I'm Joanna Sandretto and I work as the Lead Developer at Greyfeather Capital. I also happen to be Matt's sister, in case you are wondering. I am a computer scientist whose focus is artificial intelligence. I think it is important for people to understand what neural networks are, and what they can (and cannot) do - so let's start at the beginning.

Artificial intelligence (AI) may seem like the new cool “thing” in computer science with companies using AI to build assistants like Siri or Cortana, predict what shoppers will buy, and even drive cars, but computer scientists have been researching artificial intelligence for decades. Machine Learning (ML) and Deep Learning (DL) are areas of AI that focus on systems that can learn and improve without human intervention. Neural networks are one way to build systems that learn.

Artificial neural networks are an AI technique that computer scientists have been researching since the 1940s. In fact, Marvin Minsky and Dean Edmonds used 3000 vacuum tubes and a surplus automatic pilot mechanism from a B-24 bomber to build the first neural network computer in 1950 (See Artificial Intelligence: A Modern Approach by Russell and Norvig).

Artificial neural networks are based on the structure of a human brain. In basic terms, each neural network consists of neurons, or units, that are connected to each other. Each unit is associated with some function that will map multiple inputs to an output. For example, a network with two inputs and a single layer might look like the following:

A neural network with two inputs and a single layer

A neural network with two inputs and a single layer

The function that inputs are passed through is referred to as the activation function.  The activation function controls what value gets passed to the next layer.  A neuron is said to “fire” when it passes a value, referred to as an activation value, to the next layer.  In some networks, neurons will fire if the input value is above some value and otherwise pass no value to the next layer. In more complex networks, neurons can fire with different strengths and the activation function will calculate the value that should be passed to the next layer. 

There are many types of networks, but in most cases, the units are organized into layers with each layer consisting of several neurons. Networks have different number of layers and different number of neurons in each layer. The basic goal of the network is to create a mapping between the inputs and the desired outputs, which will allow the network to accurately predict the output given certain inputs. 

The first layer is an input layer. The number of neurons in the input layer is defined by the number of features or inputs chosen for the data. As a crude example, let’s say that we wanted to investigate to what extent leverage levels are associated with overall stock performance.  We could have the output be the 3-month cumulative return and the input layer could be the past 12 quarters of debt/equity ratios.  In this case, the input layer would have 12 neurons, one for each quarter’s debt/equity ratio. 

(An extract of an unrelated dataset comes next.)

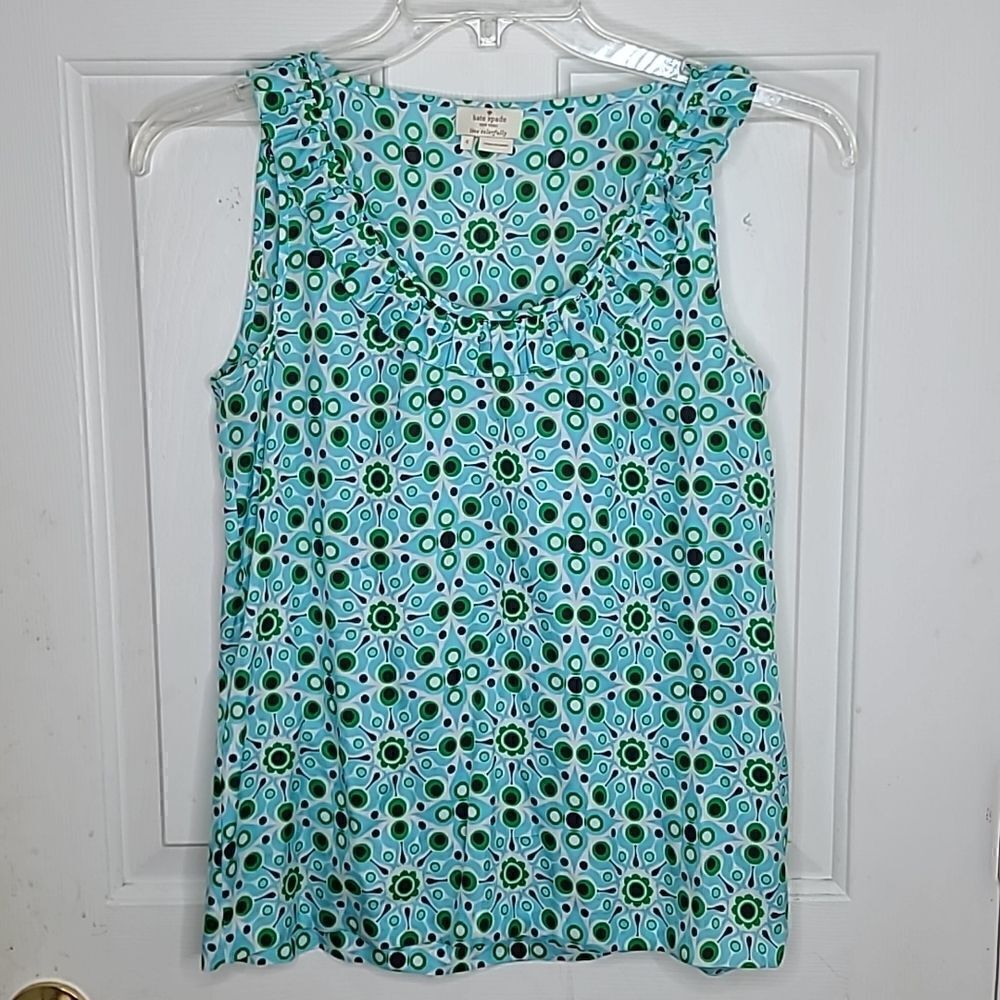 KATE SPADE MARIAM SOLAR PRINTED RUFFLE TANK - Picture 1 of 4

After the input layer, the network will have one or more hidden layers. The hidden layers will transform the data using various functions. Different networks and different types of data will require different types of functions. These layers are creating the mapping from inputs to outputs. 

As data passes through the network, the weights associated with the function will be adjusted based on certain rules, this is the learning part of the neural network.  A popular way to update weights is using backpropagation.  In a network using backpropagation, the error of the network is calculated and fed into an optimization function, which then adjusts the weights of the neurons accordingly.